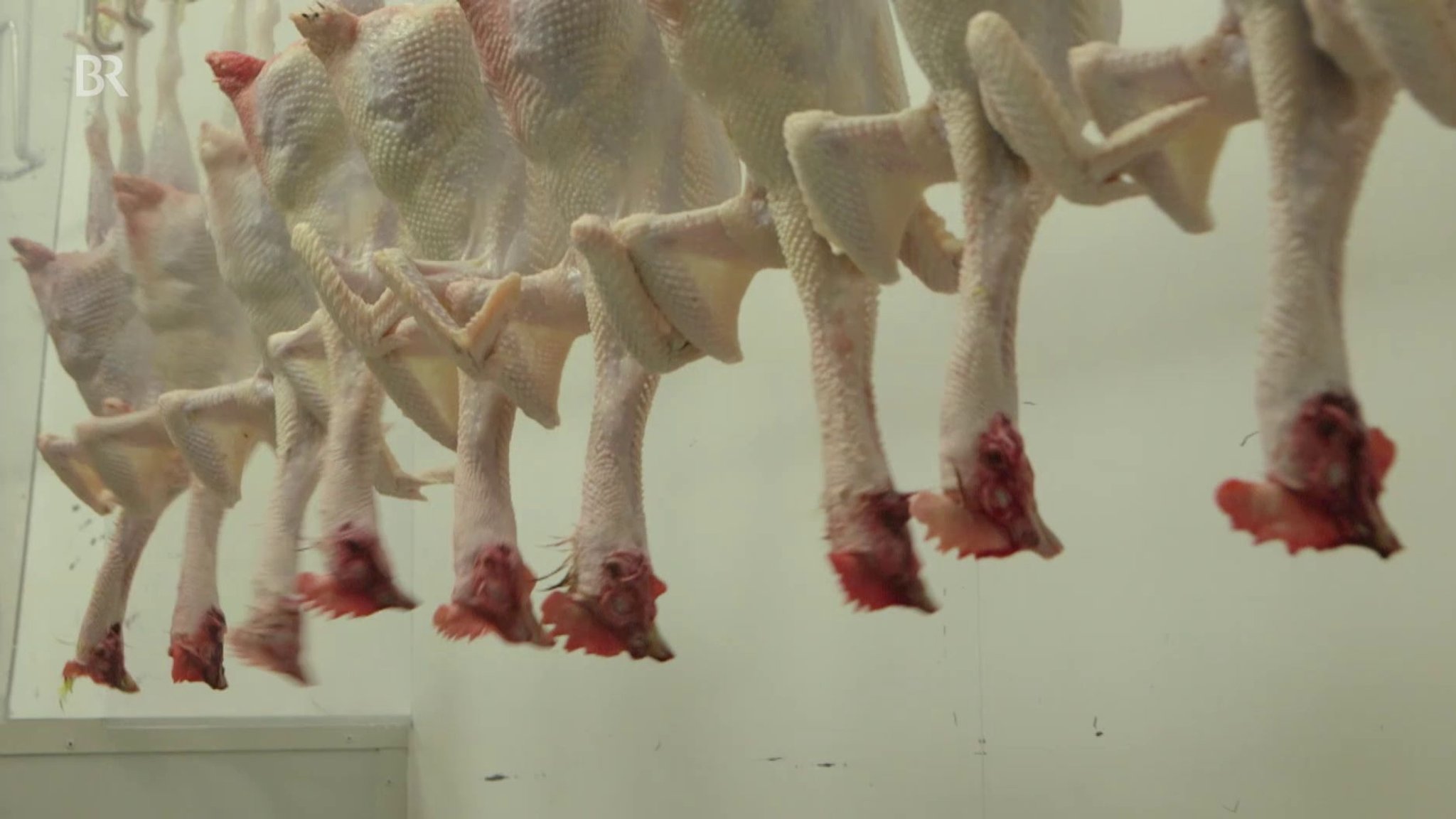 Geschlachtete Legehennen, die noch ausgenommen werden müssen, in einem Schlachtmobil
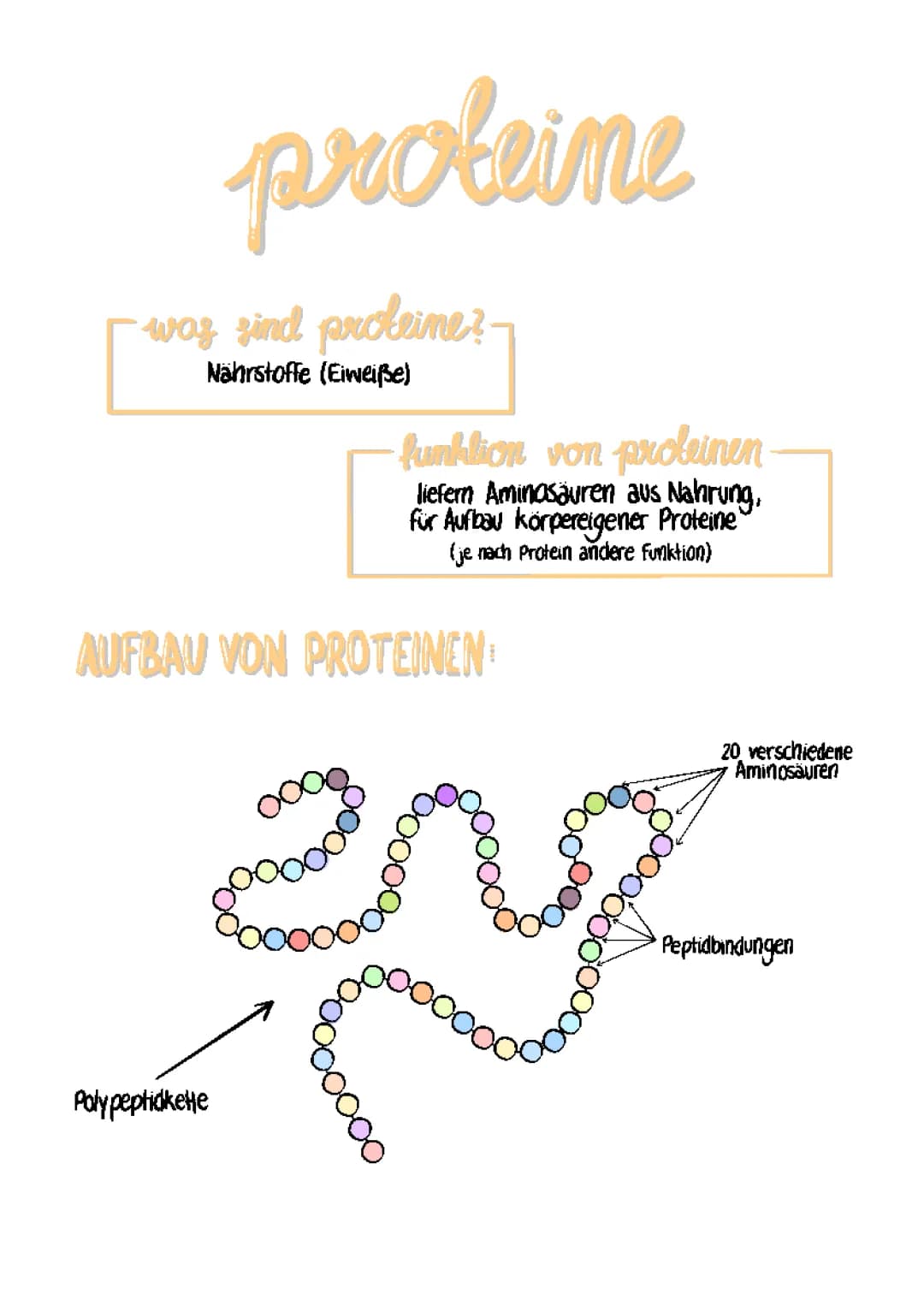 Proteine
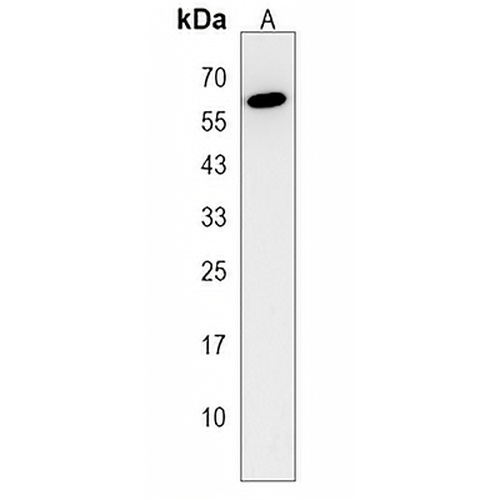 NELFA Rabbit Polyclonal Antibody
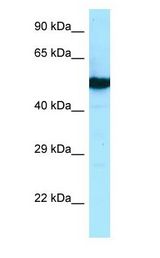 TUBB2B / Tubulin Beta 2B Antibody - TUBB2B antibody Western Blot of MCF7.  This image was taken for the unconjugated form of this product. Other forms have not been tested.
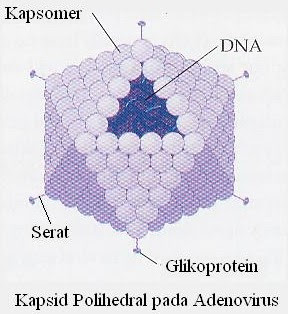 Detail Gambar Bentuk Virus Dan Keterangannya Nomer 45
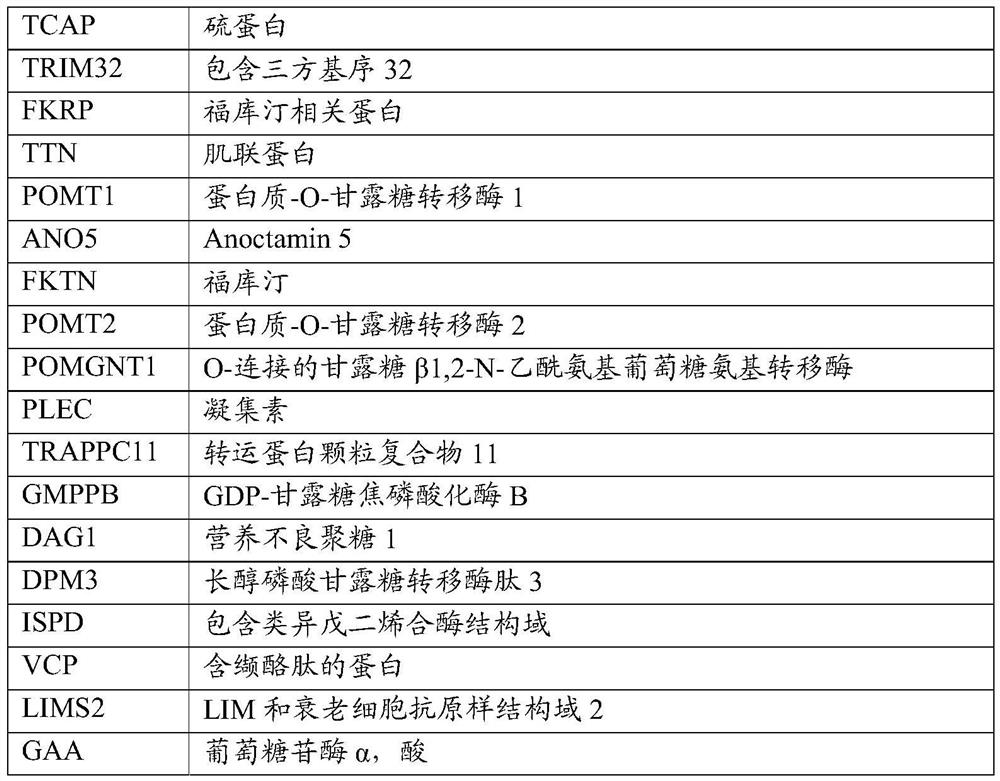 PEPTIDE-MODIFIED HYBRID RECOMBINANT ADENO-ASSOCIATED VIRUS SEROTYPE BETWEEN AAV9 AND AAVrh74 WITH REDUCED LIVER TROPISM AND INCREASED MUSCLE TRANSDUCTION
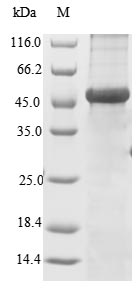 Greater than 85% as determined by SDS-PAGE.Recombinant Human Versican Core Protein (VCAN) Protein (His-B2M&Myc)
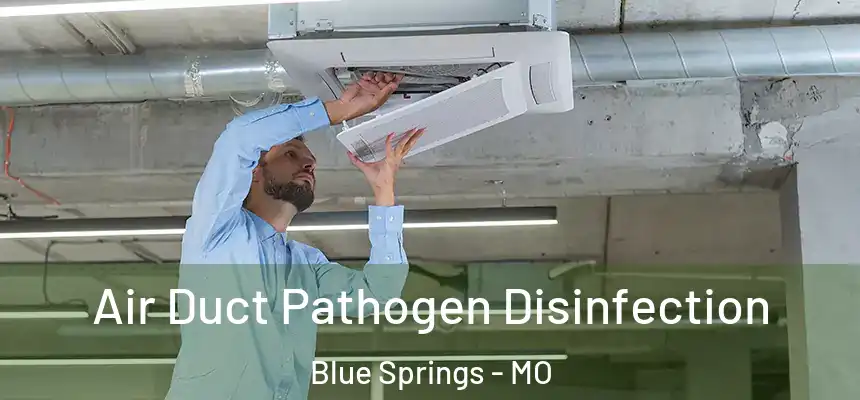  Air Duct Pathogen Disinfection Blue Springs - MO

Exercise objective:
Set the lines above down again, word for word, from the first through the one containing "Detail Gambar Bentuk"; pictures excluded.

Your solution:
 Geschlachtete Legehennen, die noch ausgenommen werden müssen, in einem Schlachtmobil
 Proteine
 NELFA Rabbit Polyclonal Antibody
 TUBB2B / Tubulin Beta 2B Antibody - TUBB2B antibody Western Blot of MCF7.  This image was taken for the unconjugated form of this product. Other forms have not been tested.
 Detail Gambar Bentuk Virus Dan Keterangannya Nomer 45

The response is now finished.